Dec 4, 2010 08:30 GMT  ·  By

IBM recently announced its milestone that will supposedly make Exaflop Supercomputers more feasible, namely chips that use optical interconnections, but Intel now says that said processors may not be efficient to manufacture.

As users are likely used to by now, whenever a company announces a new milestone, its rivals will start to pick at whatever disadvantages it might have compared to their own.

This once, such a thing has occurred between IBM and Intel, the latter having started to question the former's newest processor.

What IBM recently did was announce the CMOS Integrated Silicon Nanophotonics, a chip that combines both electrical and optical devices.

It is supposed to significantly boost performance by using light to transmit data while integrating modulators, germanium photodetectors and ultra-compact wavelength-division multiplexers.

The other major asset is that such chips can be built using standard CMOS manufacturing lines.

Now, Intel is revealed to have said that it believes its own products are easier to manufacture and more efficient overall.

It claims that it is preferable to make chips on the latest foundry processes and add optical interconnections later, instead of being made with all parts form the get-go on a CMOS process.

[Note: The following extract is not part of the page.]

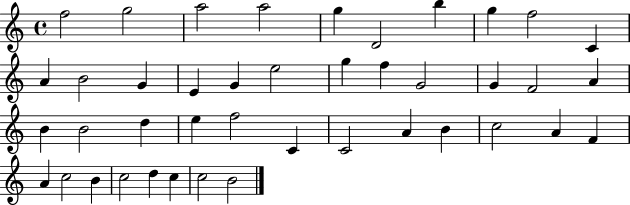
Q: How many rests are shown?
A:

"This [IBM] research is another example of others also validating that silicon photonics is the path to high bandwidth, low-cost optical communications,”said Nick Knupffer, an Intel's global communications manager, in the interview with ZDNet UK.

“While this research is interesting, there are still many challenges to commercialize this approach such as integration of lasers and integration with advanced future transistor processes," he added.

"Keeping the CMOS and photonics separate will allow us to use the most energy-efficient, leading edge manufacturing process for electronics as we scale link speeds. For exascale systems, energy efficiency is a major concern,” he explained.

“Although [Intel's approach to nanophotonics] does require the bonding of indium phosphide to the silicon, this is done at the chip or wafer level, allowing us to create all the lasers we need in one bonding step," Knupffer concluded.